In today’s blockchain landscape, the life of a transaction is nasty, brutish, and short. Or, as some put it, a blockchain like Ethereum is a “dark forest” — a reference to a popular sci-fi novel in which the universe is filled with predatory civilizations.

Most users’ transactions run the gauntlet through an infrastructure involving what are called MEV auctions (we explain MEV and MEV auctions below). This infrastructure enables arbitrageurs to modify the order in which transactions appear in blocks. Arbitrageurs can use this power to extract profit for themselves — much or most of it from users’ pockets. By creating competition among arbitrageurs, MEV auctions maximize MEV extraction — and MEV’s detrimental impact on users.

It doesn’t have to be this way. In this post, we propose a remedy called protected order flow (PROF). PROF is a way to sequence transactions fairly and yet ensure their uptake by profit-maximizing, a.k.a. greedy, block validators.

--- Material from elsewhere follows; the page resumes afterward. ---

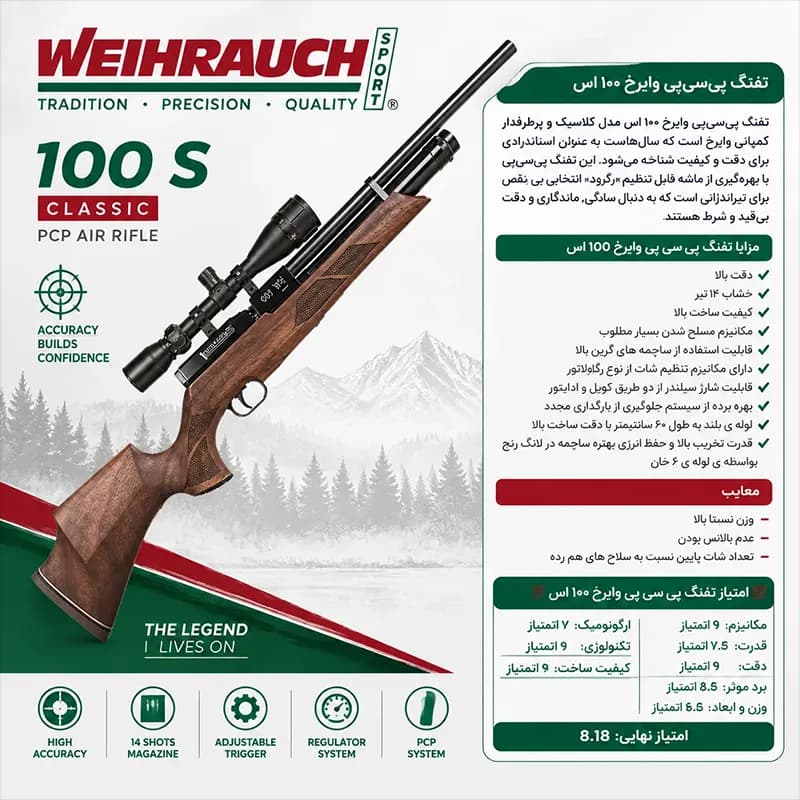 تفنگ پی سی پی وایرخ 100 اس — تصویر ۳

“Fairly” here can mean whatever you like: decentralized first-come, first-serve ordering, blind ordering, payment schemes for priority placement, a blend of approaches like this or this, or something altogether different. The point is that PROF supports a policy for ordering transactions that doesn’t involve intentional extraction of MEV. Despite this, PROF works in a way such that rational validators, i.e., those seeking purely to maximize their profits, will keep PROF transaction orderings intact.

The idea behind PROF is simple. A PROF Sequencer ingests private transaction flow, i.e., transactions sent exclusively to it and not to the public mempool or elsewhere. The PROF Sequencer orders transactions according to a predetermined, transparent policy. The result is an ordered set of transactions generally known as a bundle. Skipping over details for the moment, PROF offers the bundle to validators on the following condition:

A validator may only include a PROF bundle if the bundle is left intact, i.e., there is no tampering with its transaction ordering.

Mechanically, this condition is enforced by requiring the validator to commit to a block containing the PROF bundle — sign the block — before learning the transactions in the PROF bundle.¹ In this way, a validator can’t observe, copy, and reorder PROF-sequenced transactions. For reasons we explain below, we favor a variant in which PROF enforces bundle placement at the end of a block, i.e., appending to a builder’s block.

At the end of the day, PROF gives a validator a choice: Take the bundle as is, or don’t take it at all. Suppose a bundle contains payment to the validator and the validator’s current block isn’t otherwise full. Then a validator, if rational — i.e., profit-seeking or greedy — is always better off taking the PROF bundle.

PROF in essence creates a private mempool in which transactions are protected from MEV auctions. It offers end-to-end protected sequencing, meaning a guarantee that transactions submitted to a PROF Sequencer can only be processed according to an PROF Sequencer’s policy. In this way, it enables transactions to bypass exposure to MEV extraction.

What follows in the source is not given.